Más tarde, al pasar por una frutería para comprar algo para el desayuno del día siguiente, escuché a dos hombres mayores discutiendo precisamente sobre la marcha. Les pregunté, sin rodeos, si creían que el estado de la ciudad tenía que ver con esa movilización. El frutero me miró con cierta resignación y me dijo: “ese es sólo un pretexto”. Luego de leer en mi rostro mi genuino interés, agregó que muchos de los que protestaban ni siquiera vivieron la dictadura. “Ya se les hizo costumbre destruir. Yo ya me cansé: cada vez que pinto la tienda, me la vandalizan ese mismo día. No tienen para comida, pero sí para pintura”, sentenció.

Al llegar al hospedaje, repetí la pregunta al dueño de la casa, un hombre de cerca de 80 años que, según me contó, llegó a Montevideo desde el interior hace 15 años. Me habló de la llegada de migrantes extranjeros, atraídos por la promesa de calidad de vida, que al no encontrar empleo caen en la indigencia y, con el tiempo, en el resentimiento. Su casona, por fuera, también estaba llena de pintas.

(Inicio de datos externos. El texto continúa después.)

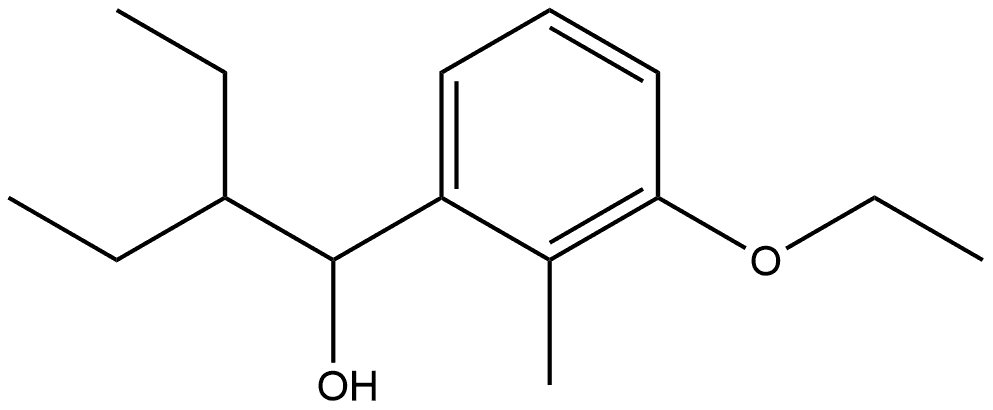 1-(3-ethoxy-2-methylphenyl)-2-ethylbutan-1-ol Structure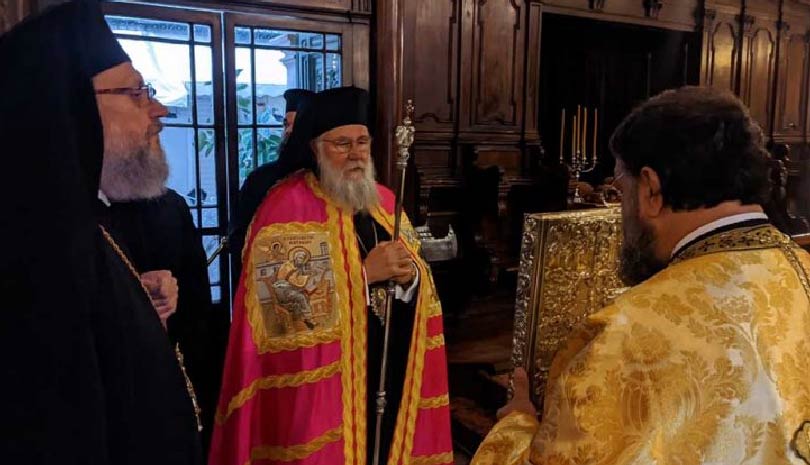 Κερκύρας Νεκτάριος: "Η πανδημία χρησιμοποιείται ως πρόσχημα για να μην κοινωνούμε"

Pensé entonces que el estado de la ciudad era resultado de una extraña combinación: la incapacidad de resignación de quienes han sufrido injusticias profundas, mezclada con la enorme capacidad de resignación de aquellos —incluidas las autoridades— que ya no hacen nada para evitar que les destruyan sus propiedades. Imaginé, entonces, un mundo utópico en el que unos aprendieran de los otros, en beneficio de aquello que comparten: la bellísima ciudad de Montevideo.